- _Exercise objective_: Only those lines in the data below from the line containing "沙巴体育app中国官网下载 必须背锅！坎宁安23中7拿到25分9板6助2帽 8次造作&小节4中0" through the line containing "Map's blue areas Crossword Clue", both included, should be restated word for word.

===== Information supplied =====

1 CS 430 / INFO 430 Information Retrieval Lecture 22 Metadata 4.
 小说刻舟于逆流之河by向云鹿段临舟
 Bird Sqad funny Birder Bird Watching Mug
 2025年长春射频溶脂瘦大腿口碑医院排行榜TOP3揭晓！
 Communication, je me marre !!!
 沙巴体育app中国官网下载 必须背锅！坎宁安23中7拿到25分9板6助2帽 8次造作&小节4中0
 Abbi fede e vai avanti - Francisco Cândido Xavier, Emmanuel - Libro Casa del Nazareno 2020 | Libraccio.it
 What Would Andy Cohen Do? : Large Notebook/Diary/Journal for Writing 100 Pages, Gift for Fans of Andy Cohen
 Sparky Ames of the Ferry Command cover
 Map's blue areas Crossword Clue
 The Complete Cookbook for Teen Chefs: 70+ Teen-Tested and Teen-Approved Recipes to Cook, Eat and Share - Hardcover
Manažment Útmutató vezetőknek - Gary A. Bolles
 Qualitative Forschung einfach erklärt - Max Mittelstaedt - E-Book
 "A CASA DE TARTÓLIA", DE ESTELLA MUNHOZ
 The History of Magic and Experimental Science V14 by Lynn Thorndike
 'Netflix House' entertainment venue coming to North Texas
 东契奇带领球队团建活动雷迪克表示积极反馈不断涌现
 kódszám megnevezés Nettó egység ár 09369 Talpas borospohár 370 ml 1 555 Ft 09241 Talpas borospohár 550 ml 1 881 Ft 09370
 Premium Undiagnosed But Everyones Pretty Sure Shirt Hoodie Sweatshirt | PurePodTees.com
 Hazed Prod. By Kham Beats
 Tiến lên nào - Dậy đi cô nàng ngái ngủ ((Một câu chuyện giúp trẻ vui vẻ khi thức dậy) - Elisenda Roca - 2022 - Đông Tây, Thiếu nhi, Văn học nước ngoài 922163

=====

- _Final answer_:
 沙巴体育app中国官网下载 必须背锅！坎宁安23中7拿到25分9板6助2帽 8次造作&小节4中0
 Abbi fede e vai avanti - Francisco Cândido Xavier, Emmanuel - Libro Casa del Nazareno 2020 | Libraccio.it
 What Would Andy Cohen Do? : Large Notebook/Diary/Journal for Writing 100 Pages, Gift for Fans of Andy Cohen
 Sparky Ames of the Ferry Command cover
 Map's blue areas Crossword Clue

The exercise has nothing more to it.